Effect of H19 overexpression on cholangiocytes and hepatocytes

In order to determine the direct effect of H19 on cholangiocytes and hepatocytes, we overexpressed H19 in MLE and MPH by transfection of a recombinant H19 expression plasmid. As shown in Figs. 4A and 4D, H19 was successfully overexpressed in MLE and MPH. Overexpression of H19 not only significantly upregulated the estrogen receptor (ER) α, SphK2, Bcl-2 and α-smooth muscle actin (α-SMA) in MLE cells (Fig. 4B–C and Supplementary Fig. 7), but also upregulated ERα, SphK2, Bcl-2 in MPH (Fig. 4E–F and Supplementary Fig. 8). Although overexpression of H19 had no effect on farnesoid X receptor (FXR) expression (both mRNA and protein), SHP mRNA and protein expression levels were significantly suppressed by H19 in MPH (Fig. 5A–C). Furthermore, overexpression of H19 significantly reduced the mRNA stability of SHP in MPH (Fig. 5D). In order to determine whether H19 had any effect on the transcription of SHP, we co-transfected 293 cells with PGL4.23-SHP-promoter and H19 overexpression plasmid. The SHP promoter activity was measured by luciferase assay. As shown in Fig. 5E (left panel), overexpression of H19 suppressed SHP promoter activity. Furthermore, the purified exosomes from human normal cholangiocyte H69 overexpressing H19 also inhibited SHP promoter activity (Fig. 5E, right panel). To further determine whether H19-mediated suppression of SHP transcription was inhibited by FXR activation, 293 cells were co-transfected with PGL4.23-SHP-promoter and pCMV-ICIS-hFXR plasmid together with transfection of H19 overexpression plasmid or treatment with exosomes isolated from H69 cells overexpressing H19 and then treated with FXR agonist, GW4064. As shown in Fig. 5F, both H19 overexpression (left panel) and exosomal H19 (right panel) inhibited SHP promoter activity under FXR activation. These results suggest that cholangiocyte-derived H19 suppresses SHP expression at both the transcriptional and post-transcriptional levels in hepatocytes.

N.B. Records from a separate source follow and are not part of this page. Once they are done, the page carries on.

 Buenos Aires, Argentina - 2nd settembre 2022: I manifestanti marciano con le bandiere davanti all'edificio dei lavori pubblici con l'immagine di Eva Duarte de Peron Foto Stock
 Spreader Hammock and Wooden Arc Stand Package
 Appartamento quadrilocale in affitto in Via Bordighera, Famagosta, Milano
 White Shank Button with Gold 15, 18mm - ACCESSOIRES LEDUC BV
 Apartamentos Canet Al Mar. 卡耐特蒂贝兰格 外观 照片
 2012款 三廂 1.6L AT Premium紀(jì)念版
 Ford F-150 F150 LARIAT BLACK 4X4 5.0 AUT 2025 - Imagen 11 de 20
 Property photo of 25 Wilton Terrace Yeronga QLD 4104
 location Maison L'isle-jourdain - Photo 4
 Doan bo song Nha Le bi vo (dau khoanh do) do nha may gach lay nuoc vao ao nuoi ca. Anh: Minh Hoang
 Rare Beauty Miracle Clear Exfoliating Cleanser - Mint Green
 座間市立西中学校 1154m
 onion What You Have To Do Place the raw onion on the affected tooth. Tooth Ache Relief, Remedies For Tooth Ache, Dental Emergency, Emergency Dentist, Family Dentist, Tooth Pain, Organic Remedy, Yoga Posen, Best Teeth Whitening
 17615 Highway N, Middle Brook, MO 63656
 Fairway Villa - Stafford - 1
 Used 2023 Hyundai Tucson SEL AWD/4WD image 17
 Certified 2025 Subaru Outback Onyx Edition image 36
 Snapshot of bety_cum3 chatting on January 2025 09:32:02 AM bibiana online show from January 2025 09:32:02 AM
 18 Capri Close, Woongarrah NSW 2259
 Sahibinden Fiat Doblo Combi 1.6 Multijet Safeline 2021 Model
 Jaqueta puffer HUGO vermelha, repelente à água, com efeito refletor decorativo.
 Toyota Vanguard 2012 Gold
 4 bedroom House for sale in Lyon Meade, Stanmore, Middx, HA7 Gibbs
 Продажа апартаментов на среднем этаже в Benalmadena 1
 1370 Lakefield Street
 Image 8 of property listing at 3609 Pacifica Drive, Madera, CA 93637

Figure 4. Effect of H19 overexpression on mouse cholangiocytes and hepatocytes.

Figure 4

(A–C) MLE cells were transfected with control plasmid (CP) or H19 overexpression plasmid for 48 h. The mRNA levels of H19 were determined by real-time RT-PCR and normalized using HPRT1 as an internal control. (A) Relative mRNA levels of H19 and a representative DNA agarose gel image of real-time PCR products of H19 and HPRT1. (B) Relative protein expression levels of S1PR2 and SphK2 normalized using β-Actin as a loading control. (C) The mRNA levels of ERα, S1PR2 and SphK2 in MLE. (D–F) MPH cells were transfected with CP or H19 overexpression plasmid for 24 h. (D) Relative mRNA levels of H19 and representative DNA agarose gel images of real-time PCR products of H19 and HPRT1. (E) Representative immunoblot images and relative protein expression levels of S1PR2 and SphK2 normalized using β-Actin as a loading control. (F) The mRNA levels of ERα, S1PR2 and SphK2 in MPH. Statistical significance: *P<0.05, **P<0.01, ***P<0.001, compared with control group, One-way ANOVA with Tukey’s post-hoc tests (n=3).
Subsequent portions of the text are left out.